_TASK TO COMPLETE_
Leave the images out, and otherwise write out each entry exactly.

------ DATA EXCERPTS

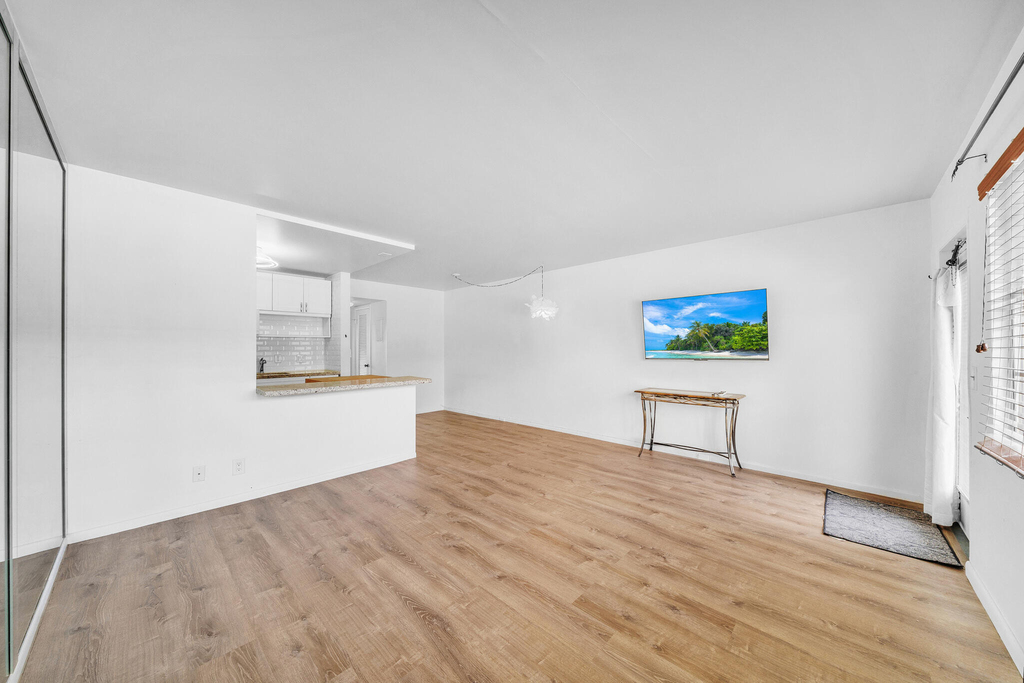 127 Westbury G - Photo 5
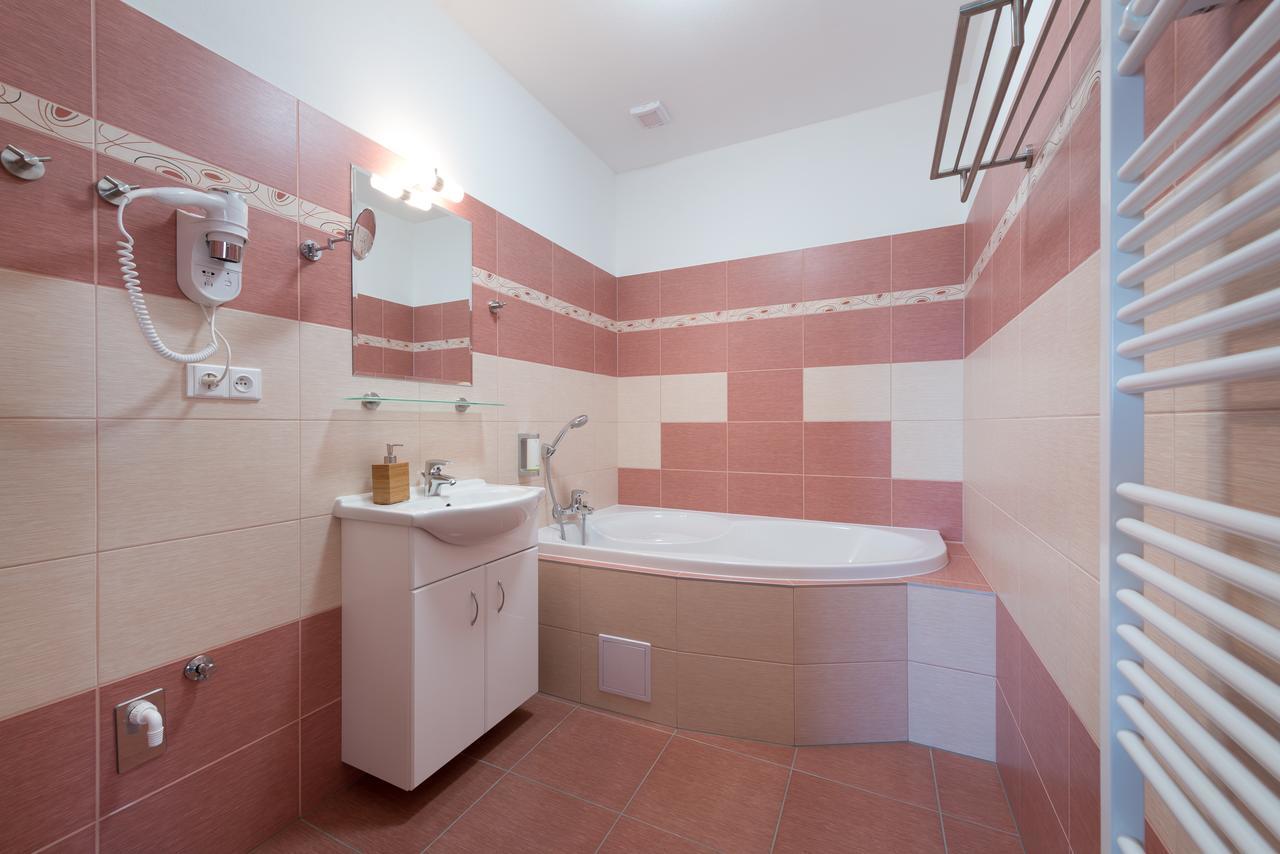 Ośrodek wypoczynkowy Wellness Medlicky 5*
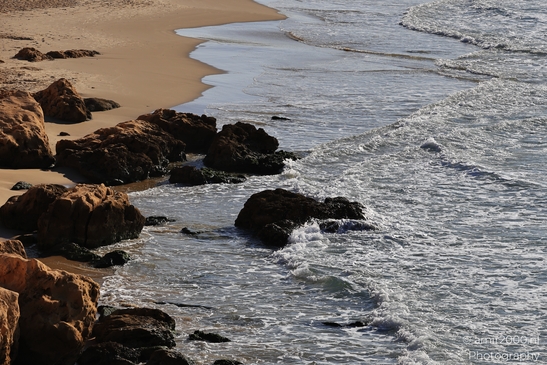 Cliffs_And_Waves_At_The_Beach_Mediterranean_Sea_Israel_nature_Photography_Canon_EOS_R5_Mark_II_2025_019.JPG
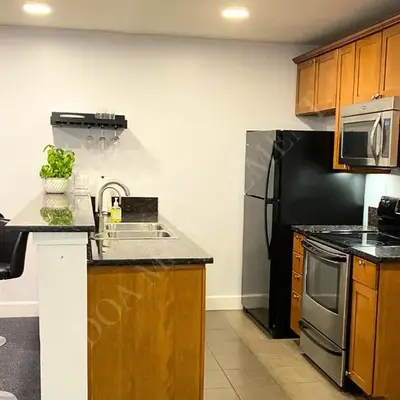 Luxury condo in the heart of LA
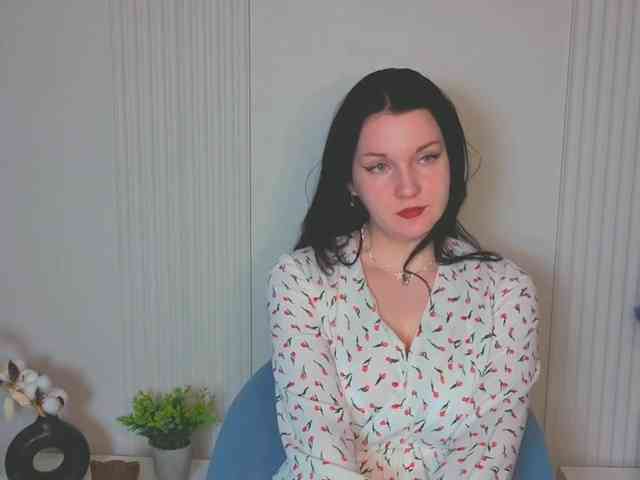 MilaSaly webcam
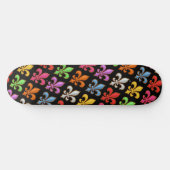 Farbige Fette Fleur-de-lis-Blumen Schwarz Skateboard (Horizontal)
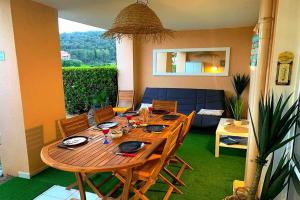 Posezení v ubytování Dans un cadre d'exception, Vue mer panoramique à Agay Côte d'Azur, Village Vacances Cap Estérel, T2 avec jardin, golf, climatisation, Wifi, 5 piscines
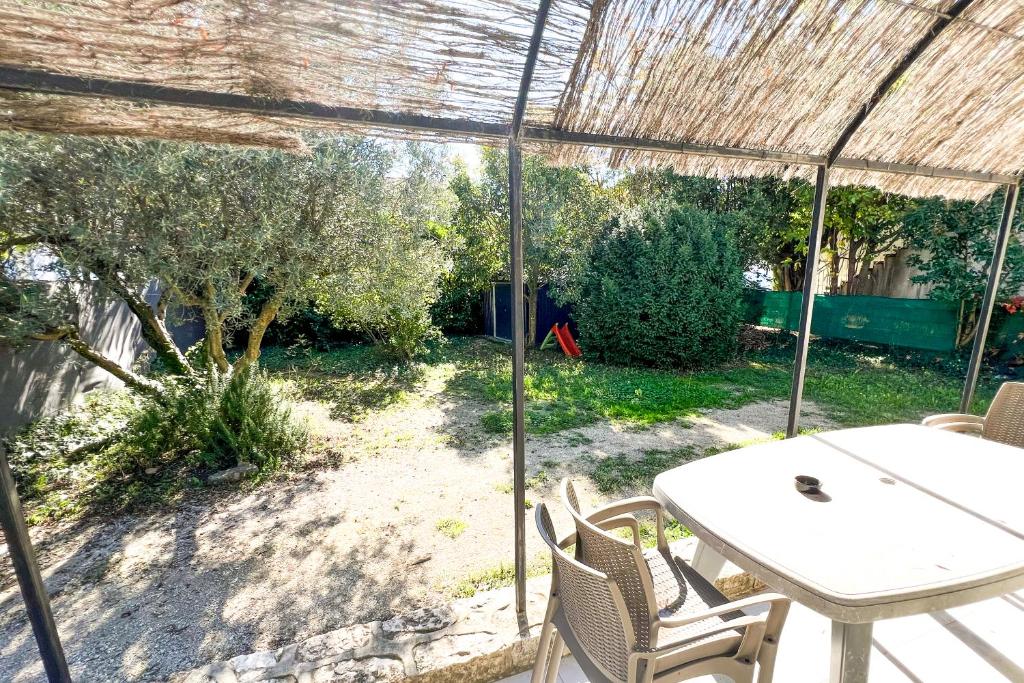 AC - Car parking - Garden - Near Ramparts - 5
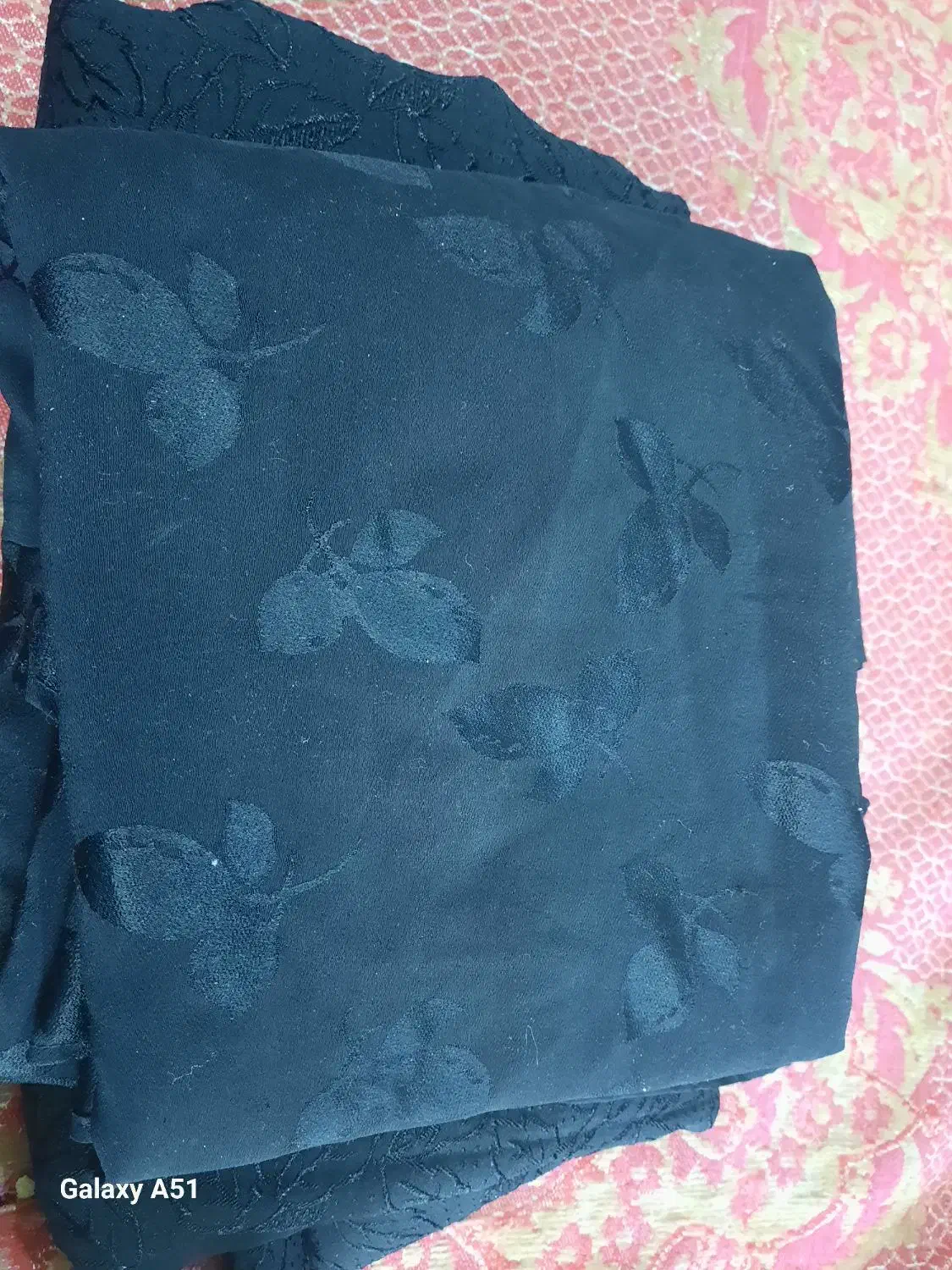 چادرمشکی|لباس|بروجرد, |دیوار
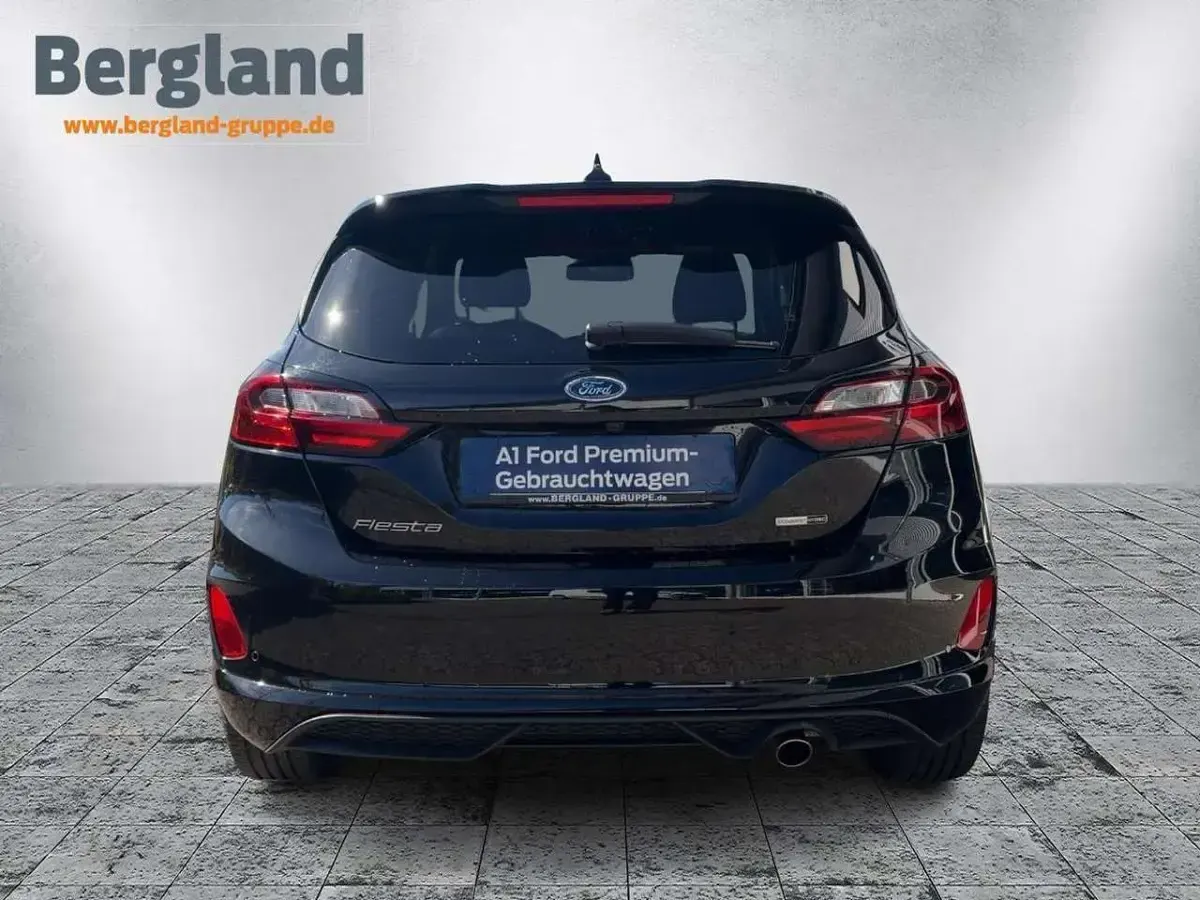 Gebraucht Ford Fiesta ST-Line X 125 PS (91 kW) 2023 Lackierung metallic "agate black" schwarz Kleinwagen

------------

_RESULT OF THE EXERCISE_
 127 Westbury G - Photo 5
 Ośrodek wypoczynkowy Wellness Medlicky 5*
 Cliffs_And_Waves_At_The_Beach_Mediterranean_Sea_Israel_nature_Photography_Canon_EOS_R5_Mark_II_2025_019.JPG
 Luxury condo in the heart of LA
 MilaSaly webcam
 Farbige Fette Fleur-de-lis-Blumen Schwarz Skateboard (Horizontal)
 Posezení v ubytování Dans un cadre d'exception, Vue mer panoramique à Agay Côte d'Azur, Village Vacances Cap Estérel, T2 avec jardin, golf, climatisation, Wifi, 5 piscines
 AC - Car parking - Garden - Near Ramparts - 5
 چادرمشکی|لباس|بروجرد, |دیوار
 Gebraucht Ford Fiesta ST-Line X 125 PS (91 kW) 2023 Lackierung metallic "agate black" schwarz Kleinwagen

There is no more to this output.